According to Reflecting Roadstuds Ltd, the company set up in Halifax in 1935 by Percy Shaw, the term Catseye remains its protected brand name. To Highways England, however, it appears to mean any old light-reflecting road stud.
Highways England has issued a contract for the installation of 170 LED roads studs at Switch Island in Merseyside, where the M57, M58 and 3 A roads all join together.
The LED road studs light up when traffic lights turn green so drivers can clearly see which lane they should follow. Cables under the road surface connect them to traffic lights through a nearby automatic controller unit. Similar LED studs are also in the Hindhead Tunnel in Surrey.
The new intelligent studs that are being installed at Switch Island were designed by Oxfordshire-based company Clearview Intelligence.

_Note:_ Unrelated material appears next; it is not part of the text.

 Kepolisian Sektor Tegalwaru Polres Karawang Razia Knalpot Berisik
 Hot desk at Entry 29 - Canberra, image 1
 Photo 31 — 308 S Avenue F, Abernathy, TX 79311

William Dunn, director of Reflecting Roadstuds Ltd, said: “Catseye or any derivative such as ‘cats eyes’ is a trademark of our company and it is a breach of our trademark rights to use this when describing Roadstuds in general. We will be contacting Highways England.”

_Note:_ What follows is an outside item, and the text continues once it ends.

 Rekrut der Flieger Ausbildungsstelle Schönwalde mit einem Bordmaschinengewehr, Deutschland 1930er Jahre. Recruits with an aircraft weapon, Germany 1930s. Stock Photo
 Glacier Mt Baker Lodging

A spokesman for the government’s Intellectual Property Office confirmed: “It has been a registered trademark since 1938.”
Highways England is not the only government organisation to confuse protected brand names with generic terms recently. In December 2017 the Health & Safety Executive had to re-write a press release that it had already issued when it incorrectly used the word ‘HIAB’ as a synonym for a folding lorry-loader crane. In fact Hiab is the name of the Swedish manufacturer, now part of the Cargotec group, which pioneered the knuckle-boom loader crane concept. Just as not all vacuum cleaners are Hoovers and not all site huts are Portakabins, not all loader cranes are Hiabs. In the HSE’s case, the crane concerned (reported on because it had hit an overhead power line, resulting in the death of the operator) had not been made by Hiab but by another manufacturer.